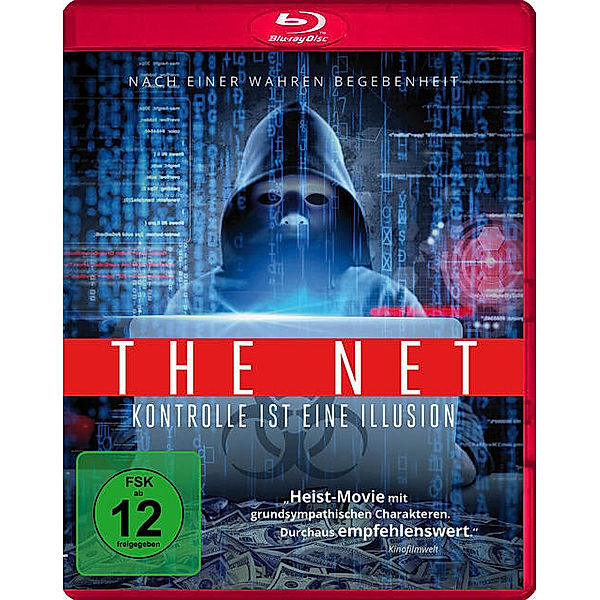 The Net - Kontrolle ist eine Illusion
* * *
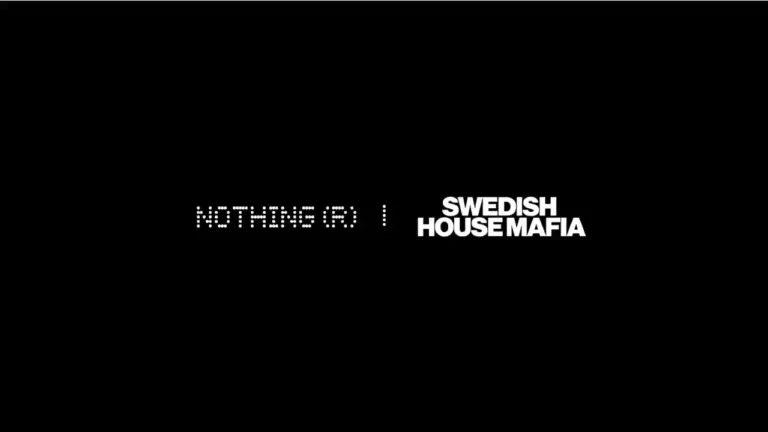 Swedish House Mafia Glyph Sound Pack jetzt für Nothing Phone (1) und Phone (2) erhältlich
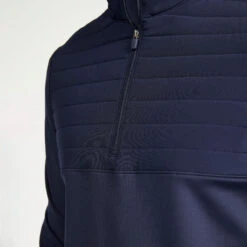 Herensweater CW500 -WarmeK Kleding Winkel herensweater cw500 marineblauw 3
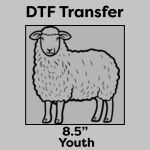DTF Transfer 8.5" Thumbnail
...
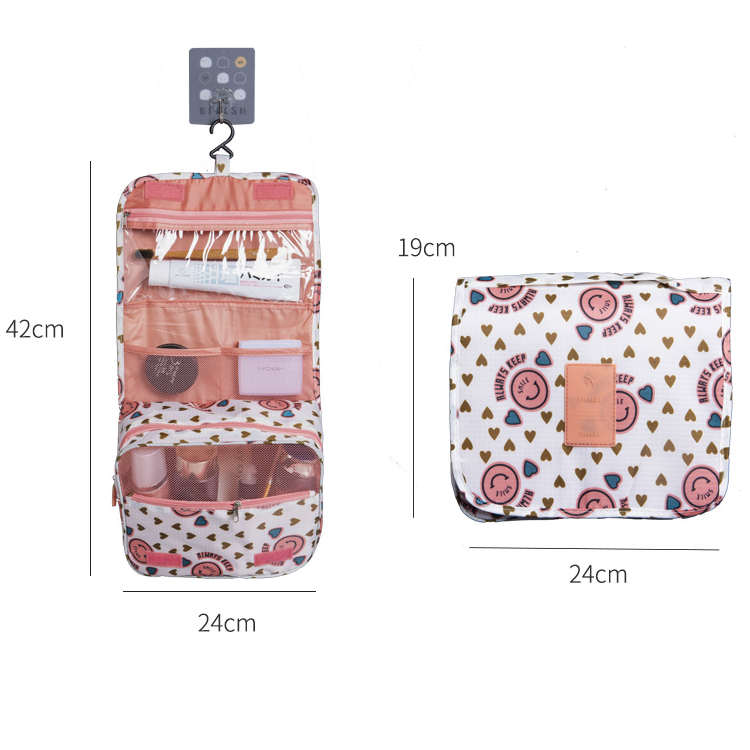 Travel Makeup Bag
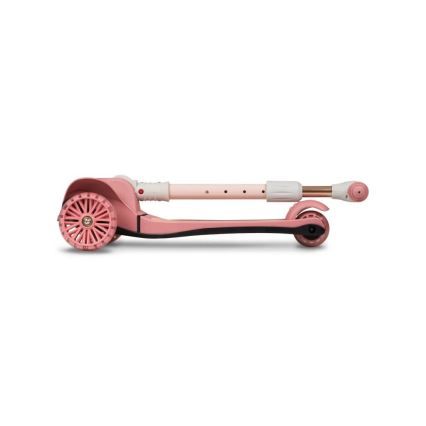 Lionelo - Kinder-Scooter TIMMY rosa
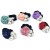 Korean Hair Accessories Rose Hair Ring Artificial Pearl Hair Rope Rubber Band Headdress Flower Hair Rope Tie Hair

** WHAT YOU HAVE TO DO **
All pictures are to be skipped. Output, word for word, the lines in the data above starting at the line containing "Lionelo - Kinder-Scooter TIMMY rosa" and ending at the line containing "Korean Hair Accessories".

** WORKED SOLUTION **
 Lionelo - Kinder-Scooter TIMMY rosa
 Korean Hair Accessories Rose Hair Ring Artificial Pearl Hair Rope Rubber Band Headdress Flower Hair Rope Tie Hair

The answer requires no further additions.